Special contributor to WFAA.com

Posted on January 28, 2012 at 8:34 PM

Updated Saturday, Jan 28 at 8:39 PM

Jason Kidd is done.  

Sadly, an NBA and Mavericks great is at the end of his road.  It is hard to watch a superstar deteriorate, but it’s happening and Dallas must now look to the future for a new point guard.
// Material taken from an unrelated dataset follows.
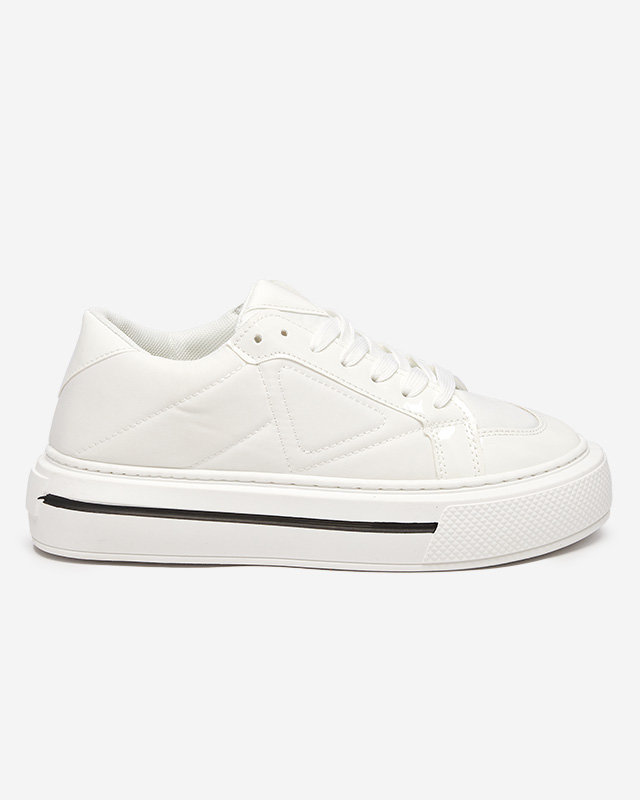 OUTLET Tenisi sport albi dama Smaqo - Incaltaminte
Kidd, in his 18th season, sustained a lower-back injury which held him out of four games earlier this month, and early in Friday night’s (1/27/12) win over the Jazz he strained his calf.  These injuries may contribute to his poor output, but all things considered, the guy has played the seventh most minutes in NBA history. He’s breaking down.  
 
Understanding that the season is 19 games in and coach Rick Carlisle is wise to the fact that Kidd is old and therefore playing him less than seasons past, let’s take a quick statistical look at Kidd’s season to this point:
 
Shooting percentage –  Kidd is shooting an abysmal 28.2 percent from the field on a career-low 5.2 attempts.
 
Assists per game – 5.5.  His previous low was 7.7 in his rookie season and Kidd never averaged under eight afterwards.
 
Turnover percentage – 29.2 percent. He is averaging a turnover 29 out of every 100 times he possesses the ball.  This is the worst rate in his career by over five percent.
 
PER (The semi-controversial statistic which measures a composite of a player’s per-minute production) – A career low 9.2 for Kidd.  Put into perspective, John Stockton in his final three seasons (17th, 18th and 19th) put up PERs of 22.3, 21.9 and 21.0. 
 
All of this to say that Kidd’s career is over.  So, where do the Mavericks look to fill the void of a future Hall-of-Famer?  There are no internal options, as Rodrigue Beaubois is not a legitimate point guard.
Dallas will have loads of cap room following this season, assuming they choose to exercise their Team Option on Lamar Odom, amnesty Brendan Haywood and find a trade partner for Shawn Marion and the 18 million owed to him over the next two seasons. 
 
The first two options will almost certainly go through, the Marion trade is a bit less likely. Regardless, Mark Cuban will have a lot of money to play with.  The popular thought is that the Mavs will make a power move and lure Deron Williams back home to the Metroplex.  What if they can’t?  What are some other options?
 
In the Free Agent class of 2012, the Unrestricted Free Agent point guards are by and large aging veterans and unproven younger spares.  However, one player looks rather attractive.  D.J. Augustin is in his fourth season for the Charlotte Bobcats. Following lackluster rookie and sophomore campaigns, Augustin established himself as a legitimate young player last season, averaging 14.4 points and 6.1 assists.  It seems logical that the Bobcats would be open to trading Augustin, a Texas kid, or setting him free on the open market in order to avoid wrapping up too much money in a crowded backcourt.
 
If Dallas does not or cannot find a point guard in 2012, the 2013 Free Agent class is similarly scarce.  Jose Calderon will become unrestricted, but the Mavericks are unlikely to sign a perennially underachieving 31 year old.  Only one other player remains a logical target: Jarrett Jack. 
 
Jack, charged with stepping into Chris Paul’s shoes in New Orleans, has shown so far this season that he is capable of running the show.  He currently averages 16.8 points and 7.2 assists as the primary scorer (while Eric Gordon remains sidelined) on a pathetic Hornets team.  He willl likely seek greener pastures, and the 29-year old might be worth the risk.
 
Another option is to sign a veteran to a short-term deal and find a player in the draft that the Mavs might try to develop (although Roddy B shows us that's easier said than done).  One player to keep an eye on in the 2012 draft is Scott Machado of little-known Iona.  Machado, a six-foot-one point guard, leads the NCAA in assists at 10.2 per game.  He was third as a junior last season and has also averaged over 13 points per game over the past two years.  Machado’s name does not appear until the middle to late second round of respected NBA mock-draft sites, so if Dallas wants a young facilitator there is a good chance that Mr. Machado might be around.
 
If the Mavs wants to remain a contender while Dirk Nowitzki approaches the twilight of his career, finding a new floor general is a must.